Three Day GTG - The Results - Update Added in Comments
FlyingAl
Posts: 4,087 ✭✭✭✭✭
After a long wait, I finally had time to analyze the results.
Many of you are familiar with the three day GTG concept - I posted a coin, gave three days for forum members to guess, and then posted the answer. I used coins that had CAC approval and I personally agreed with the grade.
It came down to this - the median grade for each coin was taken, and then the median subtracted from the correct grade. This error was then averaged across the 15 coins - and the forum was 0.875 grades off on average.
How good is that?
Compared to NGC's 2024 in person grading contest, it's decent. The 159 in person graders averaged 0.72 grades off across 12 non-details coins.
PCGS's 52 in person graders at the OKC show averaged 0.52 grades off on 18 coins.
As we can see, the forum did well. Very well in fact. The forum was about as accurate as the NGC panel of 159 graders, despite having far less people guessing. They did not quite rise to the level of the PCGS's group, which happened to do very well, and that data may be an outlier in and of itself.

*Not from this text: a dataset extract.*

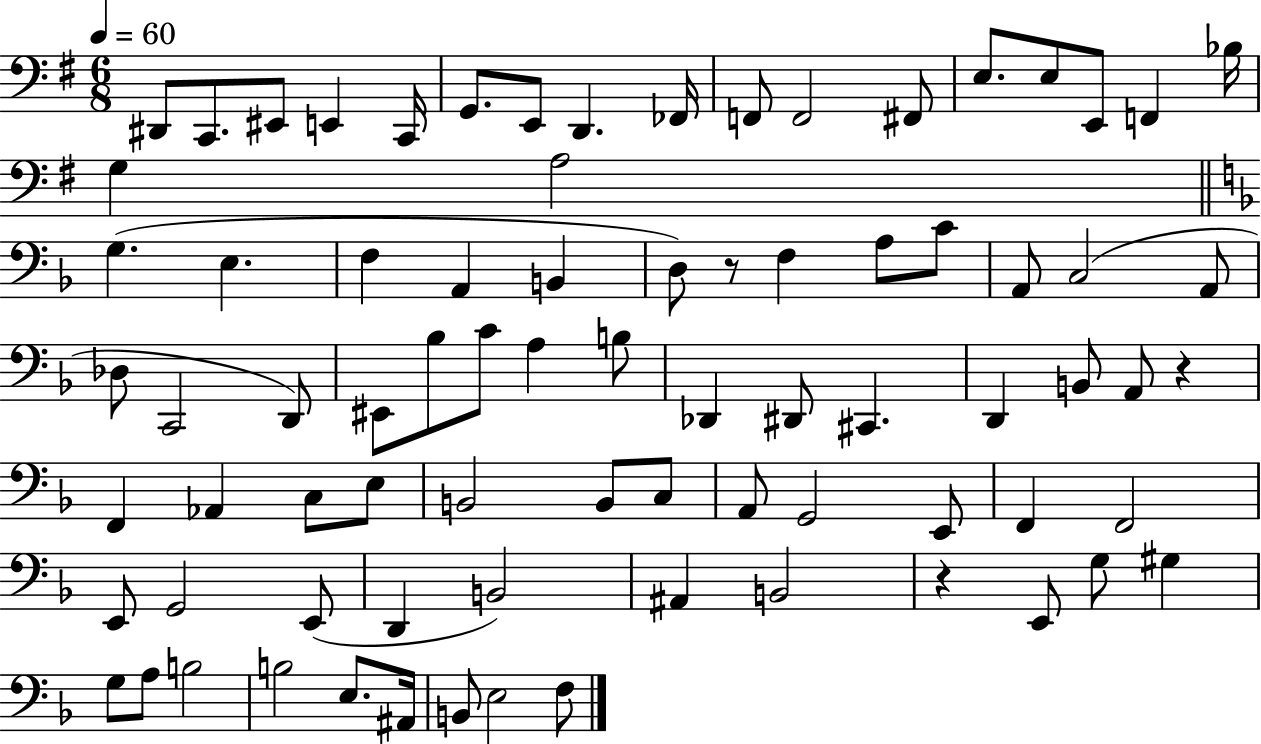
D#2/e C2/e. EIS2/e E2/q C2/s G2/e. E2/e D2/q. FES2/s F2/e F2/h F#2/e E3/e. E3/e E2/e F2/q Bb3/s G3/q A3/h G3/q. E3/q. F3/q A2/q B2/q D3/e R/e F3/q A3/e C4/e A2/e C3/h A2/e Db3/e C2/h D2/e EIS2/e Bb3/e C4/e A3/q B3/e Db2/q D#2/e C#2/q. D2/q B2/e A2/e R/q F2/q Ab2/q C3/e E3/e B2/h B2/e C3/e A2/e G2/h E2/e F2/q F2/h E2/e G2/h E2/e D2/q B2/h A#2/q B2/h R/q E2/e G3/e G#3/q G3/e A3/e B3/h B3/h E3/e. A#2/s B2/e E3/h F3/e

The ultimate question - can you grade from images? I argue the data shows that you can be almost as accurate as an in person grader if you have quality images and the experience/knowledge of image grading. However, you can draw your own conclusions.
A few things here:
1) I used medians because they are more robust (less inclined to vary based on outliers). NGC's data in particular had significant numbers of outliers, which would make them the worst graders by a wide margin if averages alone were used. The graders on the forum were by the most accurate, but did not happen to be the most precise. Unfortunately, it was precision that counted.

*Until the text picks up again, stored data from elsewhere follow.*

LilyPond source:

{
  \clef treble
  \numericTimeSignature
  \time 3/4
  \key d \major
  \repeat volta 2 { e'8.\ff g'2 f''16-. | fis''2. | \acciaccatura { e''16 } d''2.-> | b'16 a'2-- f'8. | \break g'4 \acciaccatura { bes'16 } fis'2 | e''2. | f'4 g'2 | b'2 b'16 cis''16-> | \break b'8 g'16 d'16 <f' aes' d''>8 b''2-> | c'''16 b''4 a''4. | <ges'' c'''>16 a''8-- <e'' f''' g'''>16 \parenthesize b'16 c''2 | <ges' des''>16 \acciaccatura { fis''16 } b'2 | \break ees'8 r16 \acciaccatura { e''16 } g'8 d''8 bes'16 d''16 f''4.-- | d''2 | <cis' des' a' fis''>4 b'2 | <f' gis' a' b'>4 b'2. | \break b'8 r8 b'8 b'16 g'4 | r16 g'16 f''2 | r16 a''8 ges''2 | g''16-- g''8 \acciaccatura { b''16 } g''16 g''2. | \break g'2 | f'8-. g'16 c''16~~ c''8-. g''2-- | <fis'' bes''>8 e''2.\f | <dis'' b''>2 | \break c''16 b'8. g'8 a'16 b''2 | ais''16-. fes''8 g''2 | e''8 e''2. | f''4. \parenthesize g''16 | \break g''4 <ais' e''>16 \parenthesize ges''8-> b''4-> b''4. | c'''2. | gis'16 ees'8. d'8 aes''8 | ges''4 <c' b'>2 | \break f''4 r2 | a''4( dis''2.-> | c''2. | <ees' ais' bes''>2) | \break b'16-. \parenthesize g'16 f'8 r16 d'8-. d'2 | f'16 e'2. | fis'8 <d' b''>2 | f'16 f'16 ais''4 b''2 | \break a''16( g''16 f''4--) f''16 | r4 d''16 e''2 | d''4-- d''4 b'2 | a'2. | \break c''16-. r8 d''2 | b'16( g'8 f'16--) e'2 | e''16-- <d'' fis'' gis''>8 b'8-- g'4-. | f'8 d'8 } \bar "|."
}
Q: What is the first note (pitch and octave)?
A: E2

2) This is not a perfect experiment. I would ideally have every grader grade every coin in person and then by images, without being able to recognize the same coin. This unfortunately is just not possible, so this is what I have to work with.
3) The coins being used are not the same. There ultimately were some coins that were harder to grade than others. That will skew the data, and unfortunately I don't have control over the in person data.
Comments
Cool analysis.
Mr_Spud
Nice job....That was quite interesting !
You should feed it into AI and have it crunch some more numbers.
Proud follower of Christ!
AI has a tendency to make things up.
Fake news lol
The grading contest participants and the participants on this forum are likely a completely different subset of people. The coins chosen are also different - for example, the NGC contest includes world coins, medals, and counterfeits. This isn’t really conclusive information as a result. Additionally, few if any of the participants in either experiment are professional graders, so there is a general skill cap that renders the data somewhat meaningless.
Gobrecht's Engraved Mature Head Large Cent Model
https://www.instagram.com/rexrarities/?hl=en
See my point #2. Counterfeit data was also removed for the NGC and PCGS experiment. I do agree the differing of coins would yield significantly different results.
I would say that the range of pro graders in any one of these experiments is fairly similar (maybe 5-10% in each one). I don't think that played a big factor here, but I would like to see how it would play out if we ran this experiment with a grading team.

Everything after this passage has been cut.